In summary, Mr Bacon argues that First Assist acts like an insurer and shares the risk with Great Lakes. It cannot recover the cost of doing so, since it is not premium. He submits that the court must excise the costs of First Assist providing shared risk within the policy, and the Claimants should be directed to give further disclosure to enable the premium to be deconstructed and then built up again.
At paragraph 57 of his first witness statement Mr Smith states that there was a loading of 15% for administration and profit added to the risk premium rate of 53.8%, giving a premium rate of 61.923% (62%). At paragraphs 23 to 26 of his second witness statement Mr Smith points out that this level of 15% for administration costs and profit was accepted as reasonable in the RSA Pursuit Test Cases, and was he suggests “a transparent mechanism to charge a reasonable sum to meet the costs of running the business”. The percentage also “reflects the work that has to be done by the insurer to keep on top of the case”. Finally, it also represents a profit element.
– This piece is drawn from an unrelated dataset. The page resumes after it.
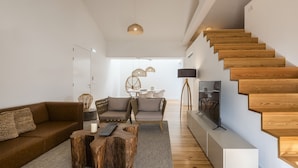A modern living room with a wooden staircase, a sofa, a coffee table, and a dining area. - Aqua - Pópulo Eco Village (Ponta Delgada)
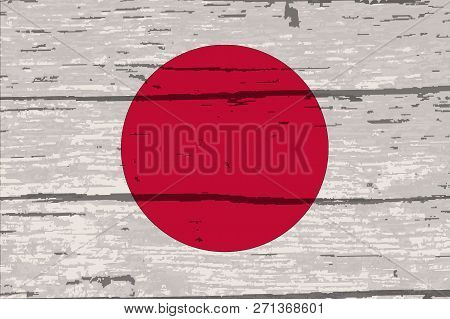 Japanes Rising Sun Flag On Driftwood Timber Background With A White Paint Overlay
Relying on the evidence of Mr Clegg, Mr Bacon argues that the 15% administration/ profit charge leads to an “extreme windfall profit element”. He suggests that the administration/ profit element should be allowed at a fixed fee of no more than £100,000, or in the alternative should be charged as a straight percentage at a lower rate (eg, 10%), not as a percentage of the adverse costs but of the final premium.
Following disclosure of the MGA and Remuneration Agreement, Mr Bacon argues that there is no such charge within the make-up of the premium. First Assist does not in fact charge a 15% commission, or any set percentage. This, he says, is a further reason (in addition to those mentioned above) for the premium to be deconstructed so that it may be built up from the figure that Great Lakes receives by way of premium income.
Premium Calculation
Mr Bacon points out that in his first witness statement Mr Smith sets out the formula for calculating the premium. I have quoted this at paragraph 15 above. This appears to differ from the policy schedule, quoted at paragraph 5 above, in that the policy schedule requires the premium rate to be ascertained by dividing the sum of the opponent’s costs plus expenses by the normal fees of own solicitor. The premium is calculated by taking the premium rate calculation, and multiplying it by the normal fees of own solicitors.
Mr Bacon’s argument is, that if one follows the formula set out in the policy schedule, one would come to a multiplier of 0.20 or 0.30 (based on the exposure multiplicand of £14,884,160, divided by own solicitor costs of £30 million). He says that the policy is then incorrect to require that the 0.20 or 0.30 should be applied to own solicitor’s costs, since those costs are not the costs to which the insurer is exposed. If the figure for own solicitor’s costs is utilised, the premium comes out at £9.2 million.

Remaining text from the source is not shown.